• [WHAT YOU SHOULD DO] Needed from the data below: every line from the one with "有些人担心电影《海底总动员2》上映后会让更多的蓝倒吊遭捕捉。 PHOTOGRAPH BY" up to and including the one with "JOHN BENSON-SMITH tweet media", repeated exactly and with nothing else.

• [DATA SHOWN]
━━━

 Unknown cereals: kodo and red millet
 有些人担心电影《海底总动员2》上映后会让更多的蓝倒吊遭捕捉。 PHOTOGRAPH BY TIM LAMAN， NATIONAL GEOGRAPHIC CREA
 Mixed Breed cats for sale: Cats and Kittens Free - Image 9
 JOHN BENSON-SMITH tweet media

━━━

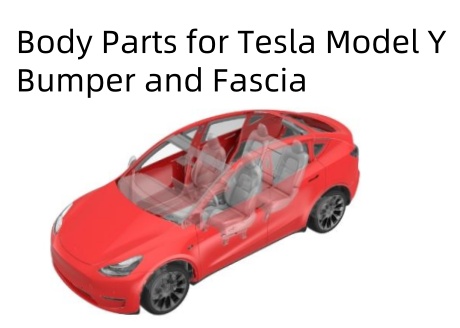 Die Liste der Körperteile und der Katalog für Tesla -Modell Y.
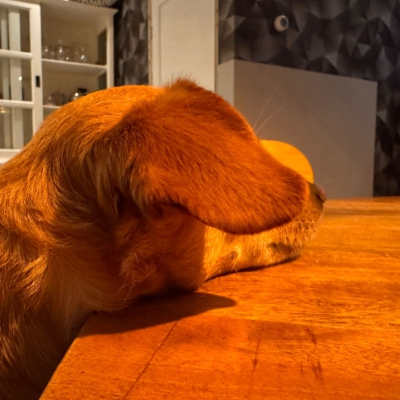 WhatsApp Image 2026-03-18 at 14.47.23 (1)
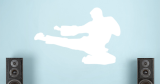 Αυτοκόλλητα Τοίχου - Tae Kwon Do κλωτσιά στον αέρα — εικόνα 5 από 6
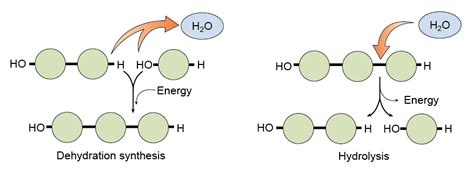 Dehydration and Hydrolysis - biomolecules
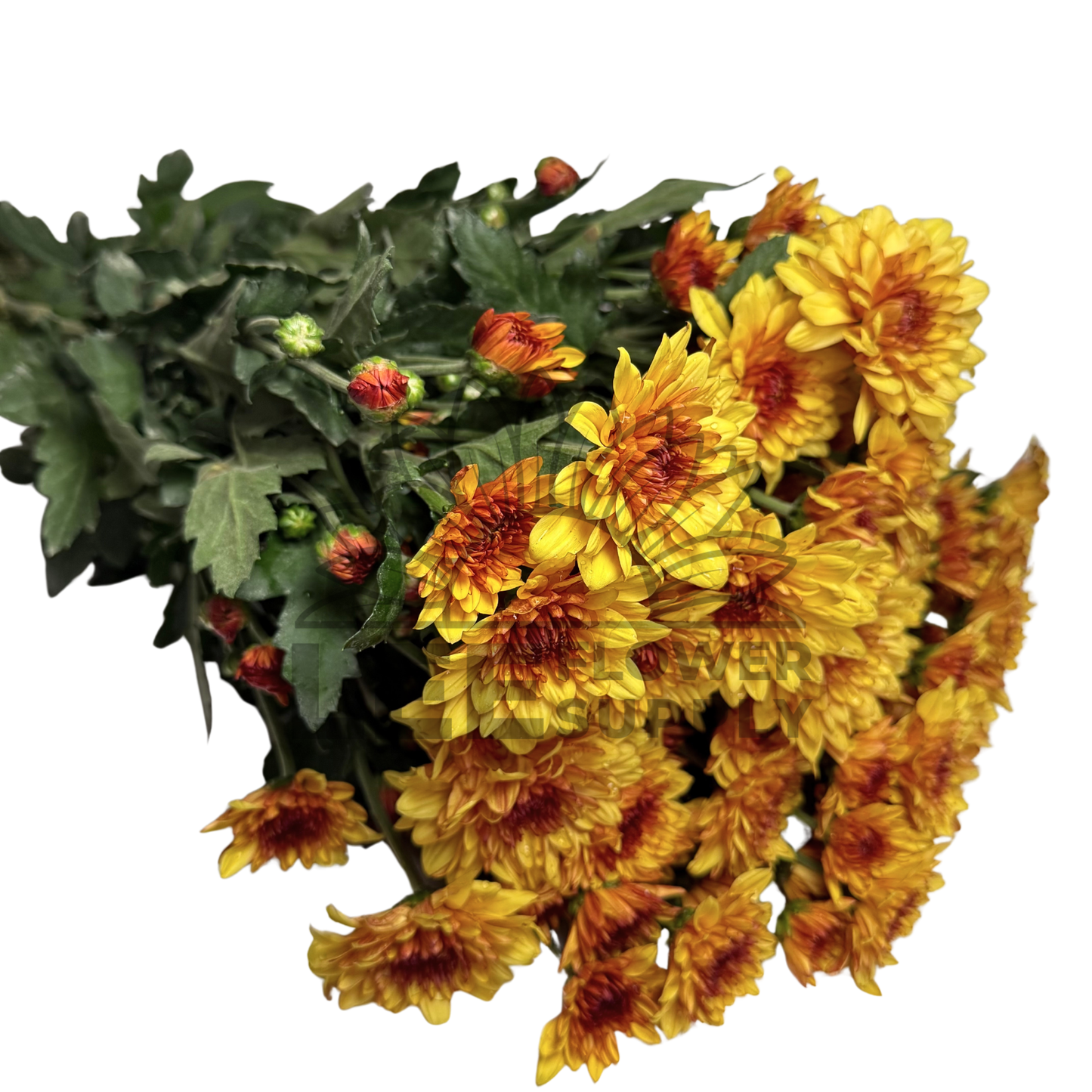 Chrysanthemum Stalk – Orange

━━━

• [ANSWER BOX]
 有些人担心电影《海底总动员2》上映后会让更多的蓝倒吊遭捕捉。 PHOTOGRAPH BY TIM LAMAN， NATIONAL GEOGRAPHIC CREA
 Mixed Breed cats for sale: Cats and Kittens Free - Image 9
 JOHN BENSON-SMITH tweet media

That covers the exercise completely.